Absalom had worked for the deceased family for 8 years before the incident. He worked as gardener within their compound. Since he worked outside the house, Absalom testified that he witnessed the movements of members of the deceased family between 8 am when he reported to work, and 4. 20 pm when he reported off. The only variation between his evidence and that of Josphat which is worthy of mention, was his evidence of the visit to the home by Hemlatta’s mother. Absalom testified that Hemlatta’s mother was driven to the home by her driver at around 11 am. He testified that she then went with her daughter, Hemlatta, in her car and that both did not return until 12. 30 pm. Upon their return, Absalom testified that the granny was driven away by her driver leaving her daughter Hemlatta, behind.

The evidence of Stephen, the night guard, was that he had worked in the home for 7 years. Stephen testified that he had been seconded to the home by MASS SECURITY his employers. Stephen stated that he reported on duty between 6 and 6. 30 pm on 5th July 2008. He said that Josphat was waiting for him at the gate as was the custom. Josphat opened for him and gave him the gate keys. He stated that he changed into his uniform and started patrolling within the compound. It was Stephen’s testimony that at 8 pm, the accused went to the home accompanied by two African men. Stephen testified that he was concerned about the accused’s accompaniment into the home at night by the two African men and that as a result of that concern he went to Josphat’s quarters and informed him. He said that he took no action when Josphat said that it was not unusual for the accused to take his workers home.

Stephen stated that the three, that is the accused and the 2 men, stayed at the house for between 15 to 30 minutes, before driving away with his guests. Stephen said that between 9. 30 pm and 10 pm same night, the accused drove home with his estranged wife, and that shortly after they entered the house, the wife went out to inform him to check in the house. That, upon entering the sitting room he stepped on human fingers. He realized later that the fingers had been chopped off Hemlatta’s hand and that Hemlatta lay dead in a pool of blood.

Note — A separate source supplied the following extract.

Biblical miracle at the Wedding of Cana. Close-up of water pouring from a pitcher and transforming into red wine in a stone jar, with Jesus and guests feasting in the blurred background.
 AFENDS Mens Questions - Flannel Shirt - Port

The accused was placed on his defence and his evidence, by way of an unsworn statement, was to the effect of denying the offence. The accused narrated how he had spent the day and early part of the evening of the material day. He stated that that morning he had visited his father at his shop up to 11 am. It was his evidence that he later proceeded to Mary’s Club Westlands, where he sat chatting with his friends and playing cards between 12 noon and 7 pm. He testified that at 7 pm he left the club and proceeded to pick his estranged wife from the parents’ house. He took the wife to Liza Apartments, a Chinese Restaurant where they arrived at quarter to eight. The accused testified that he sat with his wife nibbling rather than having supper up to 9. 15 or 9. 20 pm when he claims a feeling that something bad had happened overwhelmed him. That after a call to his father’s mobile phone and the home landline went unanswered, he decided that they both proceed to his home at 9. 30 pm which they did.

That on arrival at home he found both parents lying dead in separate rooms, and some household electrical gadgets having been moved around the house. That is when they called police.

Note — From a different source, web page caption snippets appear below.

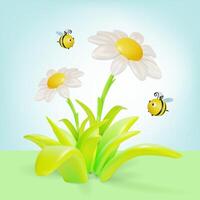 3d Kamille Blume mit fliegend um Bienen Insekten Karikatur vektor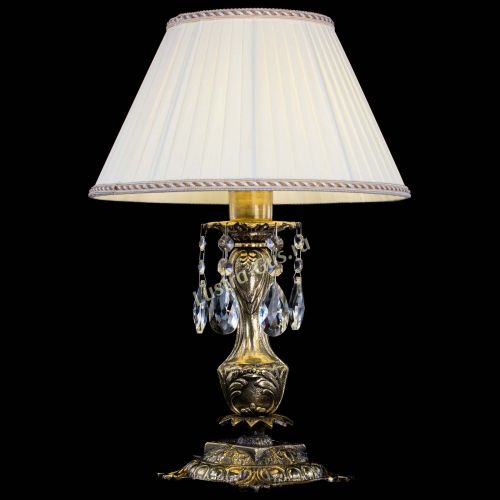 Бронзовая настольная лампа Антик №1 Журавлик с абажуром в Новокузнецке Бронзовая настольная лампа Антик №1 Журавлик с абажуром в Новокузнецке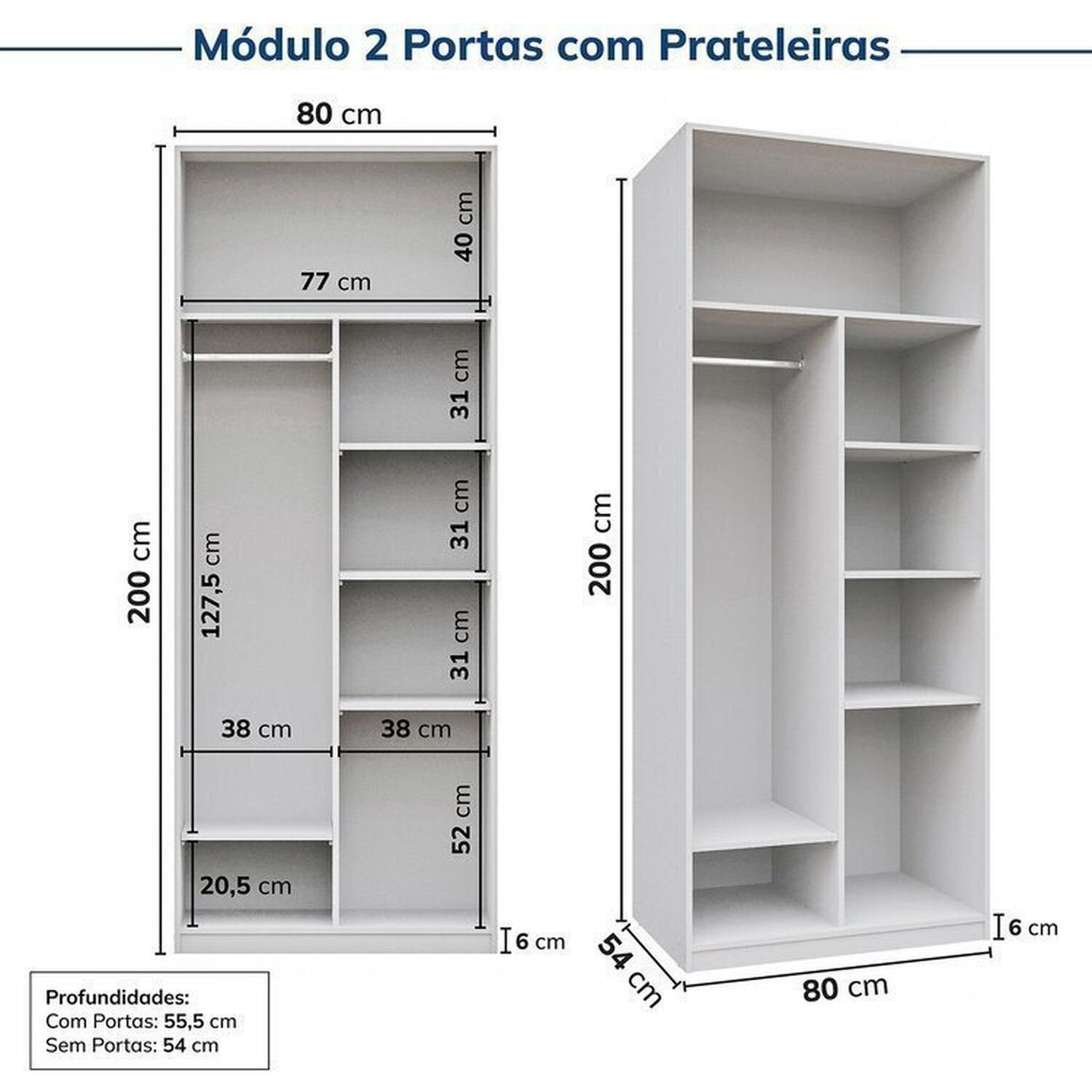 Guarda-roupa Modulado de Canto 10 Peças 18 Portas Jade Cabecasa Madeiramadeira - 13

I have carefully considered the evidence adduced by the prosecution as well as the defence. I have also carefully considered submissions by both counsel.

The evidential burden is upon the prosecution to prove its case beyond any reasonable doubt. The Court of Appeal for Eastern

Africa, in the celebrated case of OKALE VS. REP 1965 EA 555 held:

“In every criminal trial a conviction can only be based on the weight of the actual evidence adduced and it is dangerous and inadvisable for a trial judge to put forward a theory not canvassed in evidence or in counsels’ speeches;

(repeating the principles set out in NDEGE MARAGWA VS. REP (10)), the burden of proof in criminal proceedings is throughout on the prosecution, and it is the duty of the trial judge to look at the evidence as a whole.”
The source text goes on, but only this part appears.